In order to solve such a problem, one having a hole formed so as to penetrate the front and back of the anodic bonding jig has been considered. For example, the position of the alignment mark can be grasped through a hole provided in the anodic bonding jig, and it is possible to correct the deviation generated in the substrate to be anodically bonded even after the anodic bonding jig is arranged. ing.
Japanese Patent No. 362435

  However, even with conventional anodic bonding jigs that align holes by providing holes as described above, there is a limit to the size of the holes because it is necessary to apply pressure evenly to the substrate. There is a problem that it takes time to align the alignment mark with the hole.

The present invention has been made in view of the above-described problems, and a first object of the present invention is to provide an anodic bonding method capable of easily correcting a positional shift between substrates in an anodic bonding process. .
A second object of the present invention is to provide an anodic bonding jig and an anodic bonding apparatus capable of easily positioning a substrate to be anodic bonded.
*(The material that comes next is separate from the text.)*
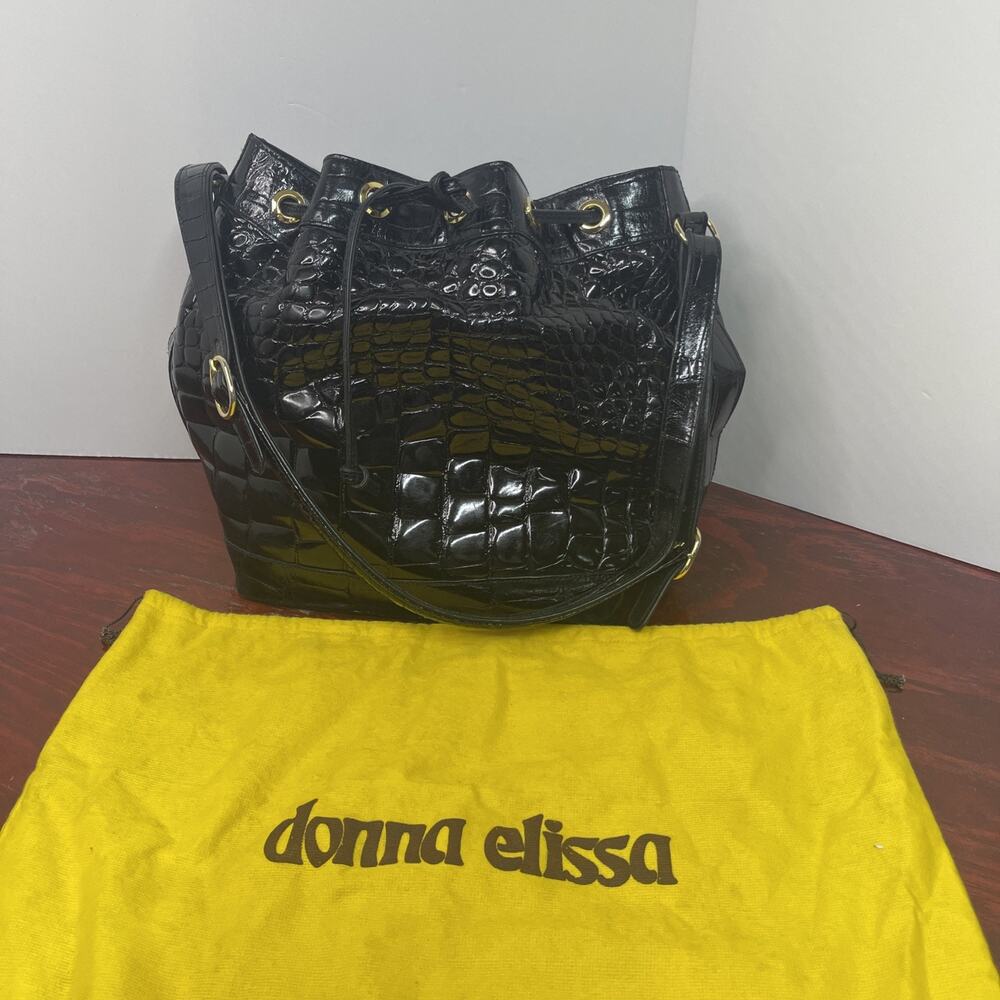 Vintage Donna Elissa Black Leather Drawstring Bucket Bag Purse Shoulder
In order to solve the above problems, the present invention proposes the following means.
The anodic bonding method of the present invention is an anodic bonding method in which a first substrate and a second substrate are anodically bonded, and the first substrate and the second substrate are overlapped with each other on the plane of the base having a plane. Substrate placement step of placing the first substrate and the second substrate in contact with the surface to be the cathode, and following the substrate placement step, the anode of the first substrate and the second substrate A jig placement step of placing an anodic bonding jig having a visual recognition portion made of a material that can transmit visible light so as to come into contact with the surface to be, and the first substrate and the second substrate The relative positional relationship between the first substrate and the second substrate is adjusted based on visible light transmitted through the visual recognition unit so that a pair of marks provided on each of the first and second marks has a predetermined positional relationship. An alignment step, the base and the anodic bonding jig. Pressurizing step for pressing the first substrate and the second substrate, and an applying step for applying a DC voltage between the first substrate and the second substrate. It is a feature.
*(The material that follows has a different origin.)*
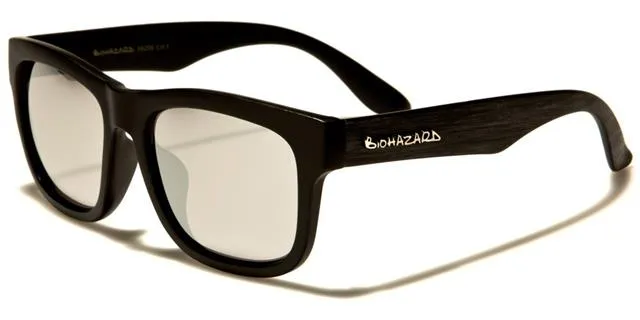 Biohazard Wooden Look Retro 80's Sunglasses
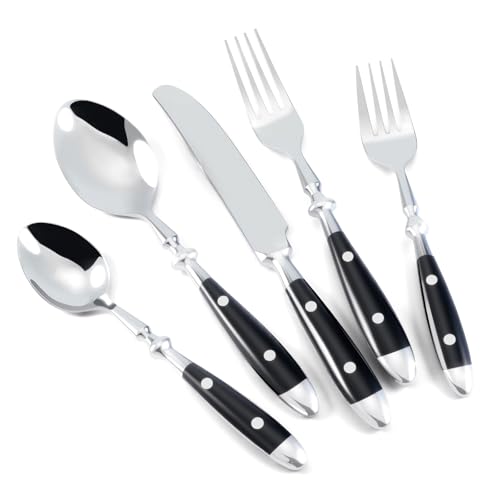 Silverware Set Black Luxury Vintage Handle 20-Piece Service for 4 - color: Black, size: 20 Pcs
  According to the present invention, the user can identify the pair of marks through the material capable of transmitting visible light in the visual recognition part of the anodic bonding jig. For this reason, in the alignment step, the relative positions of the first substrate and the second substrate can be adjusted so that the pair of marks have a predetermined positional relationship based on visible light transmitted through the visual recognition unit. Further, in the pressurizing step, it is possible to apply a predetermined pressure to the first substrate and the second substrate even in the visual recognition portion, so that pressurization unevenness can be suppressed.

Further, in the anodic bonding method of the present invention, the alignment step is based on the positions of the first substrate and the second substrate such that the pair of marks and the viewing portion overlap in the thickness direction of the viewing portion. A coarse adjustment step for adjusting the base, and a fine adjustment step for adjusting the relative position between the first substrate and the second substrate so that the pair of marks have a predetermined positional relationship following the coarse adjustment step. It is preferable to have.
In this case, in the coarse adjustment step, the pair of marks are arranged at positions that can be grasped via the visual recognition unit, and then the relative positions of the pair of marks are set to a predetermined positional relationship. For this reason, when the positions of the first substrate and the second substrate are shifted in the jig placement step, the positional relationship can be easily corrected in the alignment step.
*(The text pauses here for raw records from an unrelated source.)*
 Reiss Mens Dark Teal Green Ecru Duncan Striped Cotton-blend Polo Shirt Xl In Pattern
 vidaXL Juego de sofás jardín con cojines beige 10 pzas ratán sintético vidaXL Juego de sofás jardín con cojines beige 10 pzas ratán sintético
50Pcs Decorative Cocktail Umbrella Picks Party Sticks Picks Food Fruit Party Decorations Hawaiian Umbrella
An anodic bonding jig according to the present invention is an anodic bonding jig used for anodically bonding a first substrate and a second substrate, the main body having a first surface and a second surface, the first surface, A smooth surface provided on at least a part of the second surface and capable of being in close contact with the surface of the first substrate and the second substrate serving as an anode; and visible light provided on at least a part of the smooth surface. It has a visual recognition part which consists of material which can permeate between said 1st surface and said 2nd surface.
According to the present invention, the smooth surface of the anodic bonding jig is in contact with the substrate that becomes the anode in anodic bonding. Moreover, since the visual recognition part is provided in a part of smooth surface, the positional relationship of a 1st board | substrate and a 2nd board | substrate can be grasped | ascertained based on the visible light which permeate | transmits a visual recognition part. Therefore, the first substrate and the second substrate can be easily positioned, and the force applied to the first substrate and the second substrate via the anodic bonding jig is evenly distributed.

In the anodic bonding jig of the present invention, the smooth surface is preferably provided on each of the first surface and the second surface.
In this case, since both surfaces of the anodic bonding jig are smooth, both surfaces can be used to make contact with the surface to be the anode.

In the anodic bonding jig of the present invention, it is preferable that the main body is integrally formed of hard glass.
In this case, since the whole anodic bonding jig is integrally formed of hard glass, the visual recognition part and the other part are formed of a uniform material. Therefore, it is suppressed that stress concentrates on a specific location when temperature and pressure are applied by anodic bonding. Furthermore, the visual recognition part which can permeate | transmit visible light can be made into the whole anodic bonding jig | tool. For this reason, positioning with a 1st board | substrate and a 2nd board | substrate becomes still easier.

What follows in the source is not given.